陽光が高く昇り、春の空気が暖かく包み込む中――


エルミナ学園、体育館横の闘技場。


観覧席には、初等部2年から中等部2年までの在校生と、新入生15名のうち従順な5名が着席していた。

教員席には、樹を除く全教員が揃っている。


そして闘技場の中心には、たった一人。


月が立っていた。


銀の髪が微かに風に揺れ、聖衣の裾が舞う。

だがその表情は、いつもの柔らかい微笑を浮かべたままだ。


「え〜、今年はですね〜……エルフの皆さんもいらっしゃいますので、三分待つのはやめますね〜」


さらりとした口調で、開口一番、月は爆弾を落とした。


「こちらも全力で行きま〜す。
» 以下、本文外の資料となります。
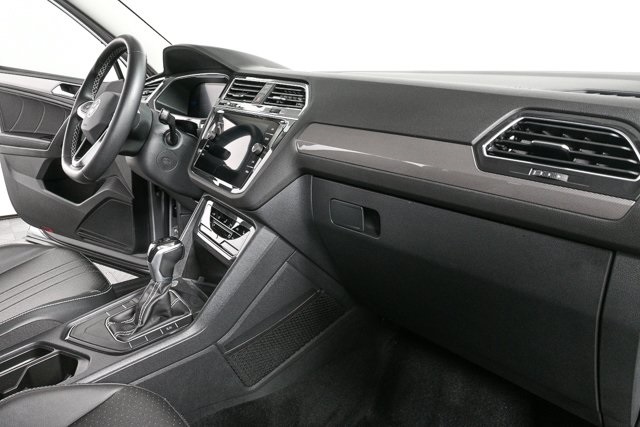 used 2023 Volkswagen Tiguan car, priced at $20,300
……もちろん、手加減無しでね」


にっこり。


観覧席の隅にいたカノンが、ぽつりと呟く。


「帝……今の姉さんの発言、聞いた?」


「聞いたのだ……アイツラ終わったのだ……」


帝は静かに首を横に振る。まるで哀れむような視線を、月の前に立つ新任エルフ教師たちへ向けた。


教員席にも動揺が走る。


「まさかまた、“滅帝惡”を使う気じゃ……!?」


「いや、あれ使ったらまた倒れるでしょ!?」


帝が軽く手を上げ、制止する。


「大丈夫なのだ。滅帝惡はお姉ちゃんの最終技なのだ。今日はたぶん、そこまでは行かないのだ」


「じゃあ何を使うんだよ……」


「銀の鞭、なのだ」


その言葉に、数名の教師が顔色を変える。


「ああ……それか……」


「確かに、あれなら命までは取られないけど……」


「生徒たちには……?」


「たぶん、ちょっと加減するのだ」


「ちょっと?」


「でも、手加減苦手な人だから」


その一言に、観覧席のあちこちで呻き声が上がった。


カノンが立ち上がり、真剣な表情で手を掲げる。


「いちおう、この観覧席に結界張るけど……ビビ入ったらどうしよ……」


「張れ!!」


「お願い!!」


「今すぐ!!」


教師たちの切実な叫びが飛ぶ中、カノンは素早く結界を展開していく。


闘技場では、月がゆったりと片手を上げ、構えを取っていた。


「それでは〜、始めますね〜」


その瞬間、観覧席は全員、無意識に息を呑む。


静寂。


次の瞬間には、全てが動き出す。